Of the four candidates running, two dominated: Raila Odinga, 77, running for the fifth time, and current vice-president William Ruto, 55. Two political veterans whose huge portraits line the roads and who are neck and neck for a ballot that promises to be tight.

Vice-president since the election of Uhuru Kenyatta in 2013, Ruto had been promised by the latter to be the candidate of the presidential Jubilee party in 2022. But the unexpected 2018 rapprochement between Kenyatta and Odinga made him a challenger, campaigning ever since.

In recent months, the electoral dispute has raged at cross-country meetings, from isolated towns to slums in this country where inequalities are glaring and the minimum wage is 15,120 shillings (124 euros). Disagreements have also spread online, accompanied by an endless stream of misinformation.

On Sunday, the favorites polished their posts. William Ruto wished during a religious service "that every Kenyan (...) be a messenger of peace". Raila Odinga pleaded for a "united country", assuring his fellow citizens that they were "first" Kenyans "before being a member of any other community".

In the Republic of Kenya and its 46 tribes, ethnicity is a key factor in voting booths.

- A "different" ballot -

The country is also marked by the 2017 electoral saga, which saw the Supreme Court invalidate the ballot due to irregularities, a first in Africa. Pending a second vote, the electoral episode had dragged on, shaken by opposition demonstrations which were harshly repressed by the police and which left several dozen dead.

Ten years earlier, the post-election crisis of 2007-2008 caused more than 1,100 deaths and hundreds of thousands of people displaced during ethnic clashes. A deep wound in the history of independent Kenya.

The fear of violence still hovers.

But "Kenyans hope that this year's vote will be different," said Monday in its editorial in the Daily Nation.

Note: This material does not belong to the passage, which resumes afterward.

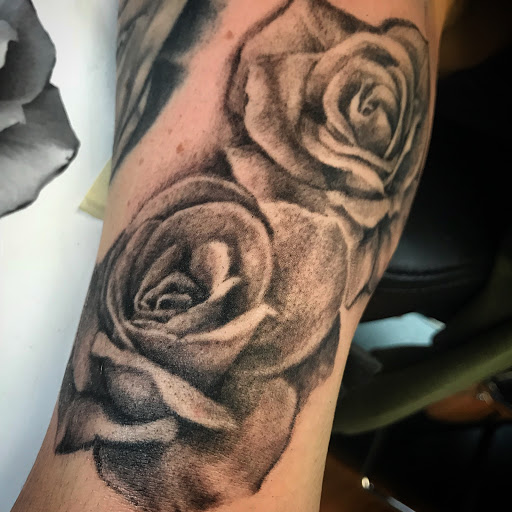 Explore name tattoos ideas for guys, creative tattoo ideas in Tecumseh, available at Lucid Tattoo Gallery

This influential Kenyan daily believes that "elections should not be a matter of life or death".

In this context, calls for calm have multiplied. On Sunday, US Ambassador to Kenya Meg Whitman said Tuesday's poll was "an opportunity for Kenyans to show the world the strength of Kenyan democracy by holding free, fair and peaceful elections."

Hundreds of international and civil society observers will be deployed on Tuesday, notably by the Intergovernmental Authority on Development (Igad). Mulatu Teshome, head of this East African regional organization, said on Sunday that "peaceful and credible elections, a peaceful transition, these are the aspirations of Africans".

All eyes are also on the electoral commission (IEBC), at the heart of past electoral disputes. It has trained hundreds of assessors, improved the identification and electronic transmission system and ensures that it is ready to take up the challenge of a blameless ballot.